The think-tank said that the realisation among the top echelon of Zanu (PF), the ruling party, that the economic crisis was destroying their own business interests, is likely to persuade them to combine to block President Mugabe’s attempt to extend his rule by two more years beyond 2008, as a first manoeuvre to shift him out of office. Mr Mugabe, 83, has been in power since independence from Britain in 1980.
Neither am I optimistic that Mugabe’s departure would bring much improvement for he has his own Hitler Youth. Brutal training camps turn out armed members of the ZANU-PF youth wing “Green Bombers”. This was written before the 2005 elections. You can Google more about the training techniques in these camps but they are quite frankly too distressing to repeat.

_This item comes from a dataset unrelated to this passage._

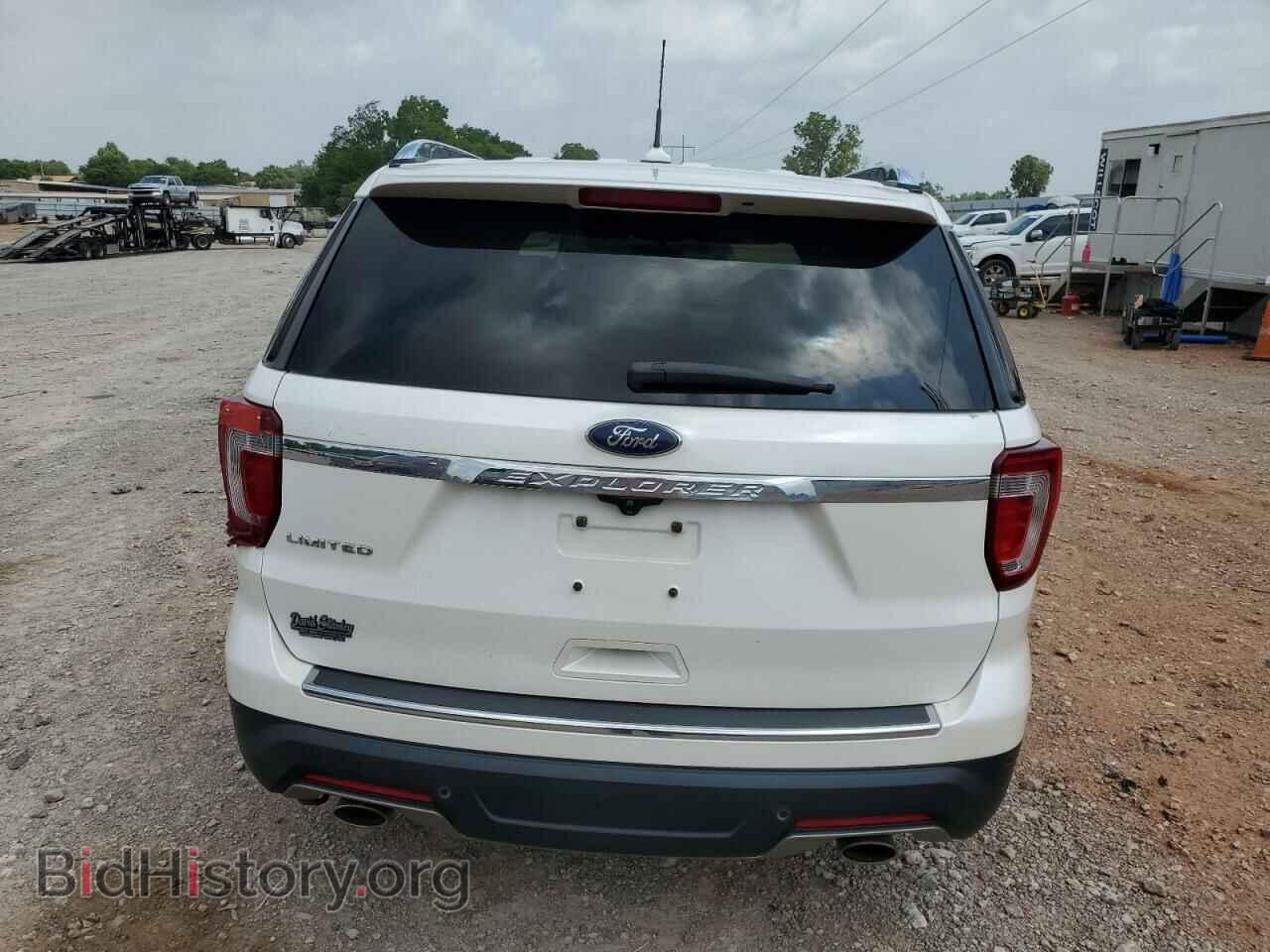 2018 FORD EXPLORER - VIN: 1FM5K7F8XJGB88522 - Фото 6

Until five years ago, youth violence in Zimbabwe had been confined mostly to the electoral season. After elections, youth ceased their violent ways and dissolved back into mainstream society. Even during elections, youth rarely had access to the kind of conventional weapons that the Green Bombers use today. Nor was their training so militaristic.
Today, the violence of the Green Bombers is always in season. “Traitors” pay dearly. Traitors are people who want democracy, who demand their rights and freedoms. No one should question the Third Chimurenga, the war of liberation by which the land previously expropriated by white colonialists is being seized. Zimbabweans should be grateful. They owe ZANU PF an eternal debt of gratitude for their liberation. Indeed, the party has not really changed from the guerilla movement it was 25 years ago. It still sounds and acts like an uncompromising, undemocratic guerilla force. In a speech President Mugabe gave on August 11, 2003, during the commemoration of heroes of the liberation struggle, he said: “Those who seek unity must not be our enemies. No, we say to them they must repent… They must first be together with us, speak the same language with us, walk alike and dream alike.” And of course, failure to do so may well merit a visit from the Green Bombers.

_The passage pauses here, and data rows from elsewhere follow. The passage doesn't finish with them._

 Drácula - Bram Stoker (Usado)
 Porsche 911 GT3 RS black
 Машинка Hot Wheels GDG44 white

The creation and arming of the Green Bombers along with the war veterans was a desperate but well-calculated ploy by Mugabe to arrest the current winds of change and sabotage the opposition and any successive government. This militia for a long time to come will fight to retain ZANU PF in power as a continuing guarantee for immunity from punishment under the law. The militia acts with absolute impunity. In an interview with the Solidarity Peace Trust, Zimbabwe and South Africa, in late 2003, a militia member said: “We got a lot of power. Our source of power is the encouragement we’re getting, particularly from the police and others. It was instilled in us that whenever we go out, we’re free to do whatever we want and nobody was going to question that.”
Recently, a Green Bomber was quoted in the local papers as saying, “We’re ZANU PF’s `B’ team. The army is the `A’ team, and we do the things government does not want the `A’ team to do.”

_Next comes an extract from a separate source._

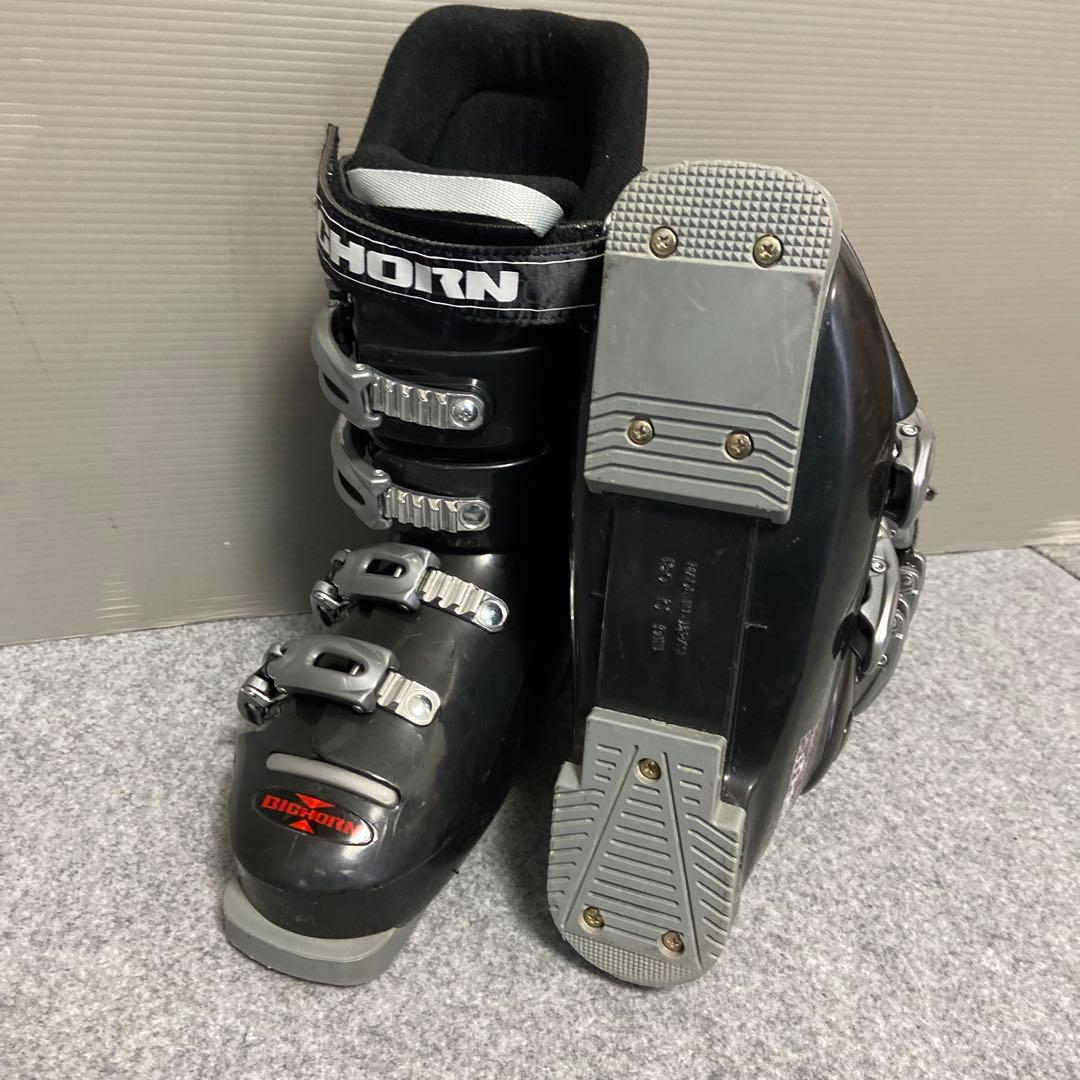 ★メンテナンス済　大人スキーセット　板150cm ブーツ 25~25.5cm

With food shortages and an inevitable power vacuum after Mugabe finally leaves, these militias are likely to go on the rampage. The result will be a true genocide with Mugabe’s favoured Shona fighting the other tribal groups.
Now some may think that my venom directed towards this thug is to much but it is moderate compared to some African commentators. This about “Operation drive out the filth”:
With a diligence akin to that of Hitler’s Germany, where valuable resources were diverted from the war effort–even as the Eastern Front collapsed under the onslaught of the Red Army–in order that the trains could continue to transport their pitiful cargos to the death camps, the Mugabe regime squanders what few assets it is still able to squeeze out of the freefalling Zimbabwean economy, to fuel a policy that aims at the elimination of all potential opposition, an opposition that Augustine Chihuri, the Zimbabwean Police Commissioner, has described as a, “crawling mass of maggots bent on destroying the economy.”
If you have a god, pray for this benighted people forgotten by the North and betrayed by the South. If you have a spare dollar, pound, yen or euro; use it to make sure they do not starve this coming winter season.